GuillaumeHolley commented 4 years ago

Hi @phiweger

It is something possible to integrate but it would take some time to do and we have a couple of ideas that we would like to prioritize for future versions. Do you have a specific use case in mind? A simple thing to do is to use Bifrost to build the graph from the short reads and query the graph with the corrected long reads. That would already give you which k-mers of the corrected long reads are in the graph or not. Using the Bifrost API to pinpoint exactly in which unitigs these k-mers occur wouldn't be too much additional troubles.

phiweger commented 4 years ago

I want to implement kmer indexing using bifrost -- there the idea (Dilthey et al.) is to sequence barcoded isolates using Illumina, build the assembly graph for each isolate, and then bin unbarcoded Nanopore reads from the same isolates to their respective barcode by "aligning" them to either one of those graphs (this saves ligase which is an important cost factor in the Nanopore protocol).

How would I use bifrost to query the kmers. Ie if I use "bifrost query" it does try to find all --ratio kmers. So should I decompose each read into its kmers (put them in a fasta file) and them search them?

Thanks for your help!

GuillaumeHolley commented 4 years ago

Very interesting! It seems to me you would need to build the colored de Bruijn graph of the barcoded Illumina isolates using Bifrost, one color for each barcode/isolate. By using bifrost query with a reasonable k-mer ratio, the tool with already tell you for each ONT read in which color (barcode/isolate) you reads "align" to. Since you would run this from uncorrected ONT reads, I would even advise to run this using the inexact k-mer querying mode of Bifrost. It would increase the number of anchors between your ONT reads and the graph (at a cost of a longer running time) for a more accurate result. No need to decompose your ONT reads into k-mers, just submit your fasta/fastq file as a query file, Bifrost will take care of the decomposition. Unless you want to know specifically which k-mer maps to the graph and where. If it is the case I would advise to dig the Bifrost API a little bit to make your own tool, it wouldn't take much code. Even with pre-decomposed k-mer queries in input, bifrost query will not tell you where your k-mers map in the graph while the API can do that rather easily.

phiweger commented 4 years ago

thanks a lot, that gets me started. w/ API you mean the C++ one? I read in some issue that there are (unofficial) Python bindings?

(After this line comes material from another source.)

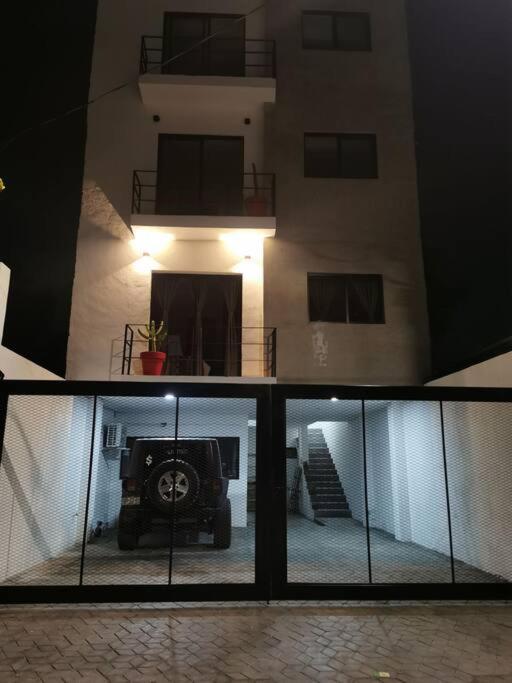 Maar Estudio 2, A 2 Cuadras Del Malecon De 拉巴斯 外观 照片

GuillaumeHolley commented 4 years ago

By API, I mean the C++ one indeed. Lucas van Dijk has been making a fantastic work on the python bindings for Bifrost (https://github.com/broadinstitute/pyfrost) but I think the project is still in its early stages. I'm not sure how ready it is and how many of the Bifrost functionalities are available so if Python is essential here, better ask Lucas himself before getting started. Otherwise, I would be happy to answer any question or provide tips regarding the C++ API.

phiweger commented 4 years ago

ok thanks again! I tried pyfrost but there are still some issues concerning installation and basic operations so for now I'll try the C++ API :)